HomesecurityFalse Zoom installers infect computers with WebMonitor RAT!

False Zoom installers infect computers with WebMonitor RAT!

Because of pandemic Koronoi, many companies around the world have asked their employees to work from home, which has greatly increased the use of applications teleconference. However, cybercriminals they are increasingly taking advantage of the conditions created by the pandemic, targeting such applications. Researchers from Trend Micro they found a new one campaign which uses many popular messaging apps, including Zoom. Specifically, in this new campaign, intruders used fake Zoom installers to infect computers with WebMonitor RAT malware. False Zoom installers start infecting with WebMonitor RAT by downloading the malicious ZoomIntsaller.exe file from malicious sources. When the malicious file is executed, a copy of it is created with the name Zoom.exe and to run Zoom.exe, it opens the notepad.exe process.
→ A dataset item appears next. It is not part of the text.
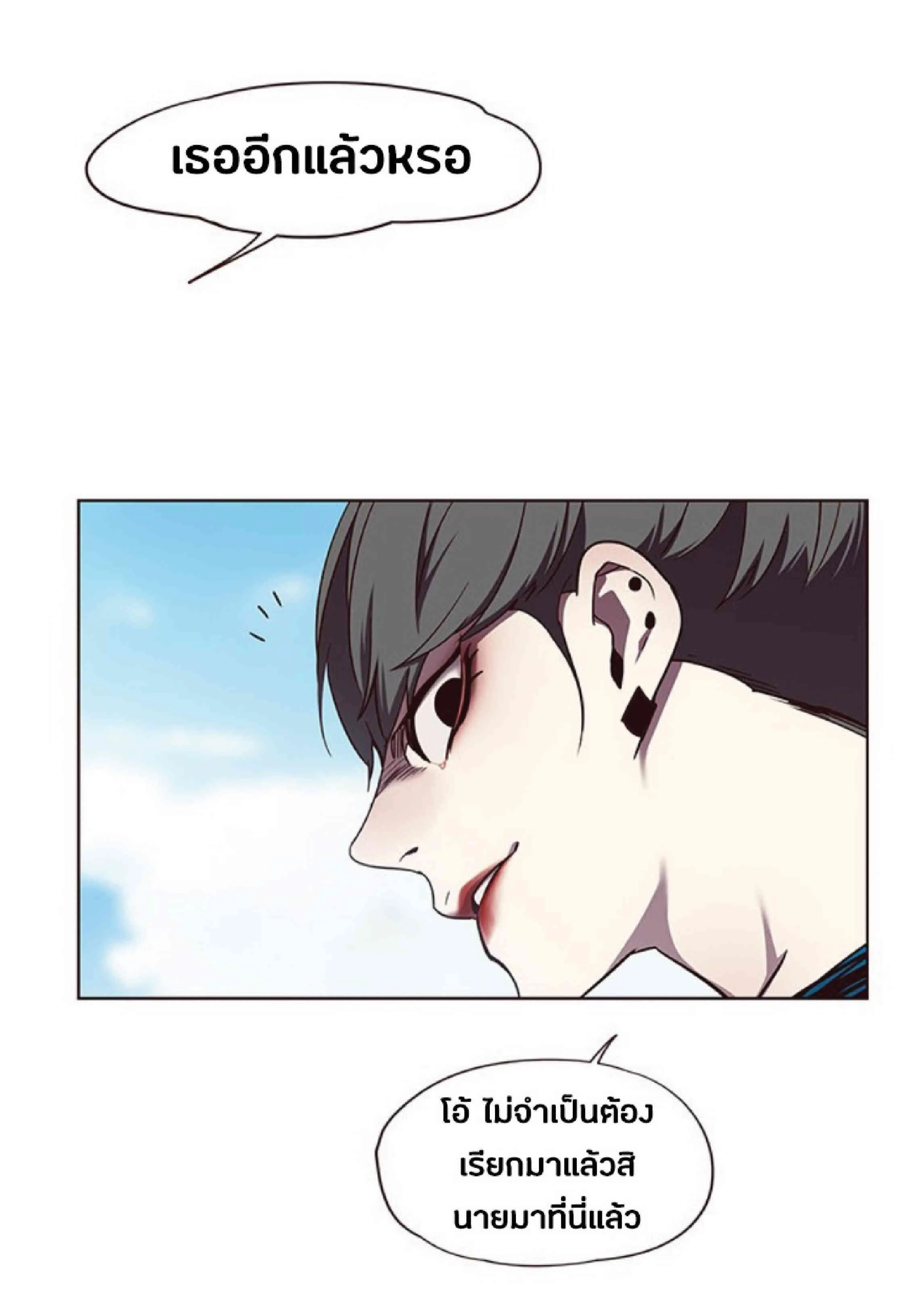 Eleceed อีลีซีด ตอนที่ 51 หน้า 57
Once this is done, it connects to the remote server C2 and executes the following commands:

  • Add, delete and modify files and registry information
  • Closing connections
  • Get software and hardware information
  • Download webcam drivers / snapshot
  • Sound recording and key recording
  • Initiation, suspension and termination of procedures and services
  • Screen start / stop
  • Start / stop wireless access point

It also "throws" the Zoom.vbs file into the boot folder to enable auto-run at system boot. The process will end automatically if security tools are running on the computer or if files named Malware, Sample and Sandbox. In addition, malware may collect information about:

  • The battery
  • The computer
  • The desktop screen
  • The memory
  • The configuration of the network adapter
  • The operating system (OS)
  • The processor
  • The video controller

Recently, a new online campaign Phishing attempted to steal them credentials linking employees by falsifying his notifications Microsoft Teams. A new e-phishing campaign at Zoom also took place this month, urging recipients to attend a Zoom meeting where employees are expected to be notified that their contracts will be suspended or terminated. Government criminals continue to exploit the Koronoi pandemic to carry out various attacks, which may include malware, phishing, fraud and misinformation campaigns.